Unnamed: 0,dateid,catid,venueid,eventid,eventname,starttime,venuename,venuecity,venuestate,venueseats,catgroup,catname,catdesc,caldate,day,week,month,qtr,year,holiday
0,1827,8,303,423,La Damnation de Faust,2008-01-01 19:30:00+00:00,Grand 1894 Opera House,Galveston,TX,0.0,Shows,Opera,All opera and light opera,2008-01-01 00:00:00+00:00,WE,1,JAN,1,2008,True
1,1827,7,211,2099,The Bacchae,2008-01-01 19:30:00+00:00,The Broadway Theatre,New York City,NY,0.0,Shows,Plays,All non-musical theatre,2008-01-01 00:00:00+00:00,WE,1,JAN,1,2008,True
2,1827,9,38,6640,Herbie Hancock,2008-01-01 19:30:00+00:00,US Airways Center,Phoenix,AZ,0.0,Concerts,Pop,All rock and pop music concerts,2008-01-01 00:00:00+00:00,WE,1,JAN,1,2008,True
3,1827,9,9,8621,Hot Chip,2008-01-01 19:00:00+00:00,Dick's Sporting Goods Park,Commerce City,CO,0.0,Concerts,Pop,All rock and pop music concerts,2008-01-01 00:00:00+00:00,WE,1,JAN,1,2008,True
4,1827,6,235,1376,The King and I,2008-01-01 14:30:00+00:00,Studio 54,New York City,NY,0.0,Shows,Musicals,Musical theatre,2008-01-01 00:00:00+00:00,WE,1,JAN,1,2008,True
...,...,...,...,...,...,...,...,...,...,...,...,...,...,...,...,...,...,...,...,...
95,1830,9,9,8006,Bette Midler,2008-01-04 19:30:00+00:00,Dick's Sporting Goods Park,Commerce City,CO,0.0,Concerts,Pop,All rock and pop music concerts,2008-01-04 00:00:00+00:00,SA,2,JAN,1,2008,False
96,1830,6,244,982,Gypsy,2008-01-04 15:00:00+00:00,Royce Hall,Los Angeles,CA,0.0,Shows,Musicals,Musical theatre,2008-01-04 00:00:00+00:00,SA,2,JAN,1,2008,False
97,1830,6,257,1567,Blue Man Group,2008-01-04 15:00:00+00:00,Luxor Hotel,Las Vegas,NV,,Shows,Musicals,Musical theatre,2008-01-04 00:00:00+00:00,SA,2,JAN,1,2008,False
98,1830,7,241,2606,The Caretaker,2008-01-04 14:30:00+00:00,Curran Theatre,San Francisco,CA,0.0,Shows,Plays,All non-musical theatre,2008-01-04 00:00:00+00:00,SA,2,JAN,1,2008,False


There's a `starttime` column coming from the `event` table and there's also a `caldate` column, coming from the `date` table.
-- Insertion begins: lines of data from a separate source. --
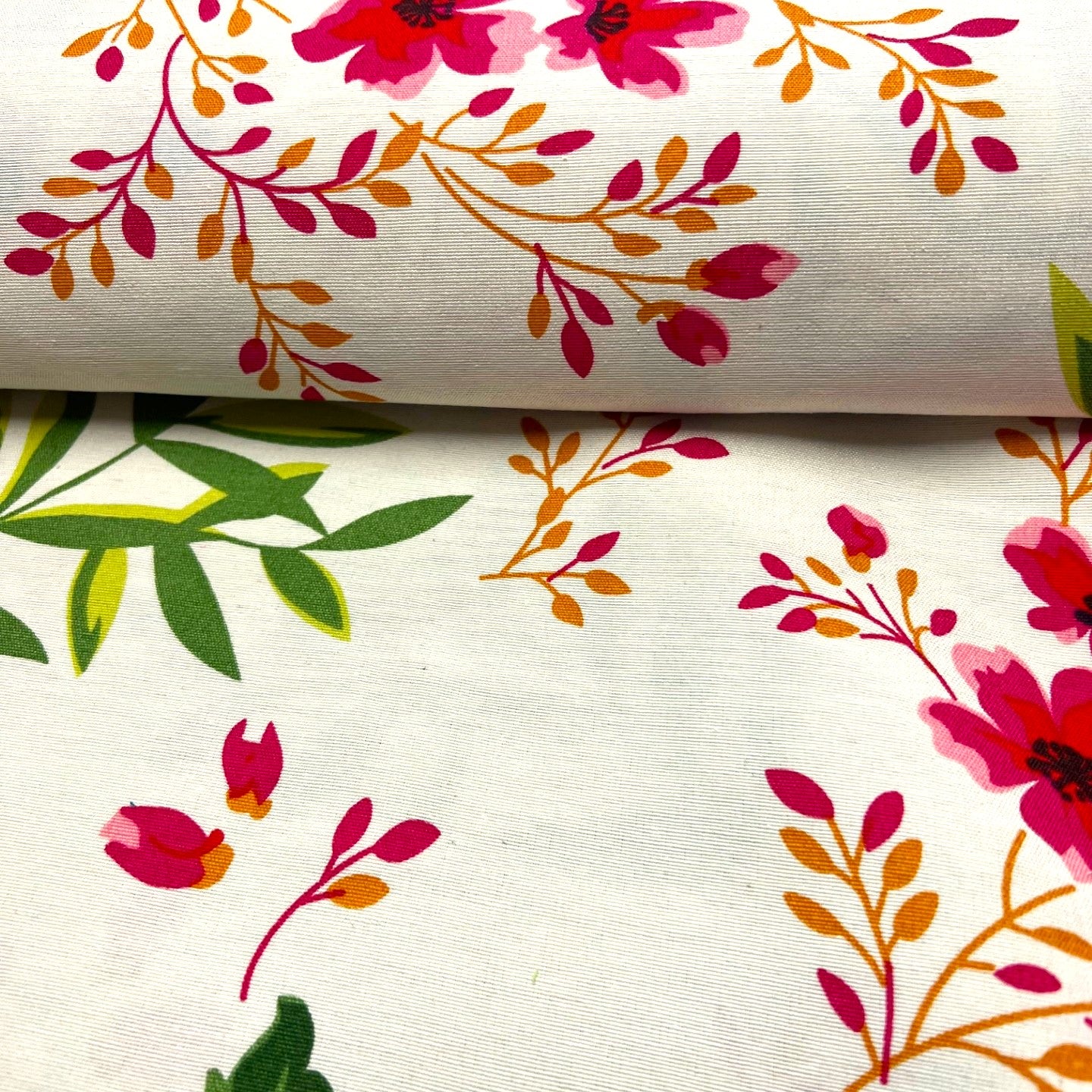 Dekostoff Blumen Natur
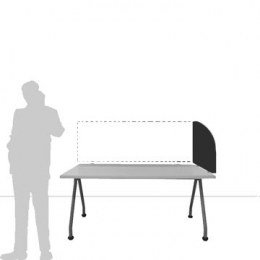Schermo divisorio fonoassorbente curvo TXT "desk" - con 2 morsetti tipo A - cm 75x50h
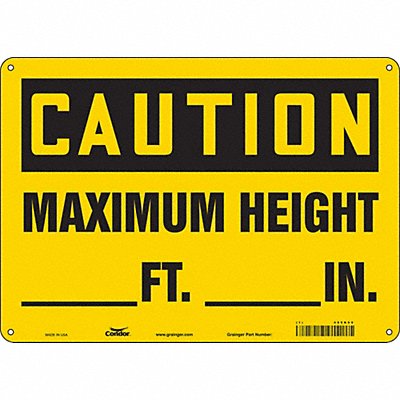 CONDOR 485K09 Safety Sign 10 inx14 in Polyethylene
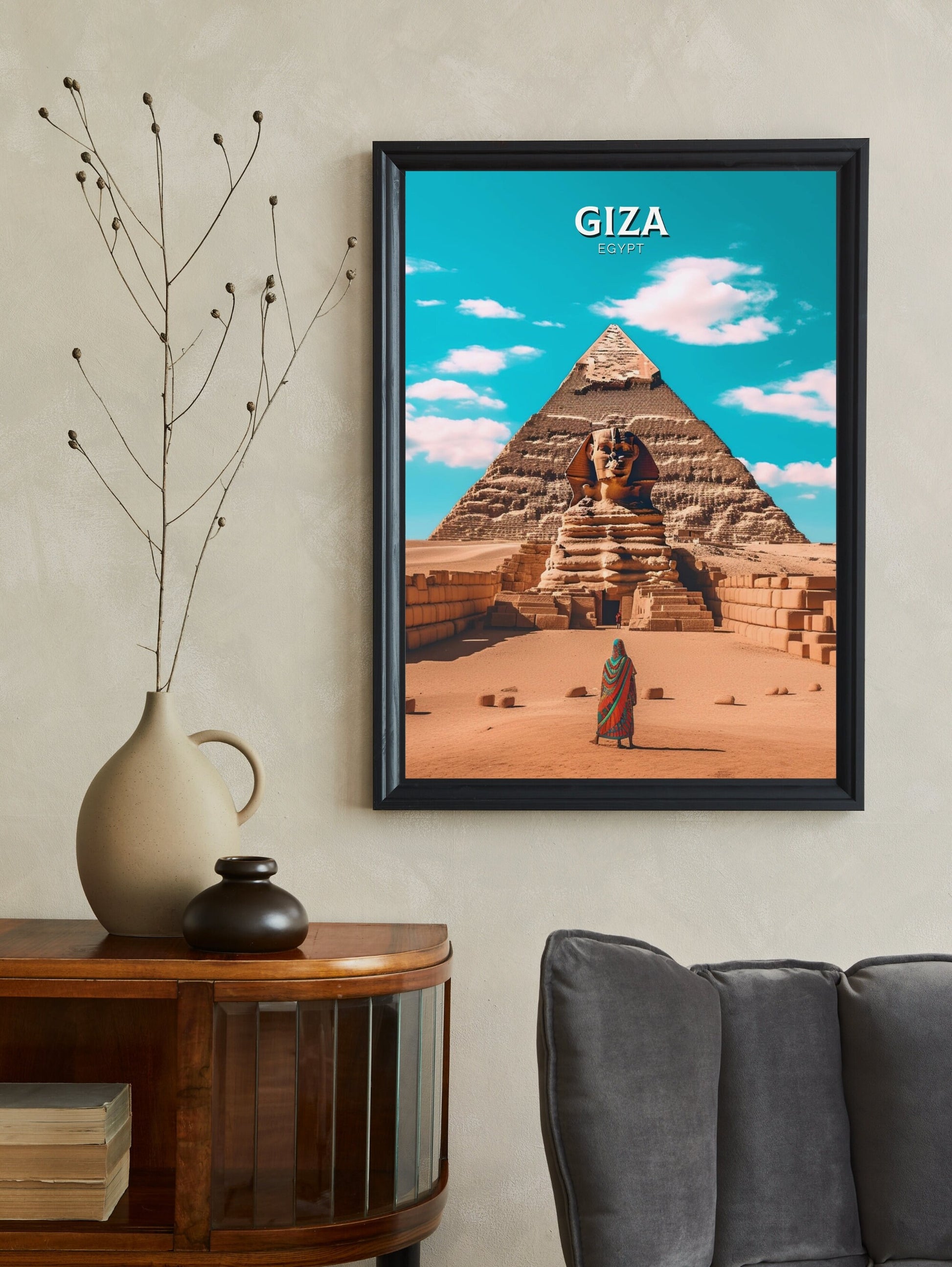 Giza Travel Print | Giza Illustration | Giza Wall Art | Giza Print | Egypt Print | Egypt Home Decor | Giza Poster | Travel gift | ID 012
Let's see what's up with this.

In [20]:
SELECT
	CASE WHEN DATE(caldate) = DATE(starttime) THEN True ELSE False END AS same_date,
	COUNT(*)
FROM event
INNER JOIN date USING(dateid)
GROUP BY 1

Unnamed: 0,same_date,count
0,True,8095
1,False,703


In [22]:
SELECT MAX(DATEDIFF('hour', caldate, starttime))
FROM event
INNER JOIN date USING(dateid)

Unnamed: 0,max
0,20


Let's see how much events are happening in different cities.

In [23]:
SELECT 
	venuecity,
    COUNT(*) AS num_event
FROM event
INNER JOIN venue USING(venueid)
GROUP BY 1
ORDER BY 2 DESC

Unnamed: 0,venuecity,num_event
0,New York City,2647
1,Los Angeles,312
2,Las Vegas,300
3,Chicago,209
4,San Francisco,194
...,...,...
74,Newark,27
75,Montreal,27
76,Irving,25
77,Sunrise,24


In [24]:
import plotly.express as px
px.bar(events_per_city, x = 'venuecity', y = 'num_event')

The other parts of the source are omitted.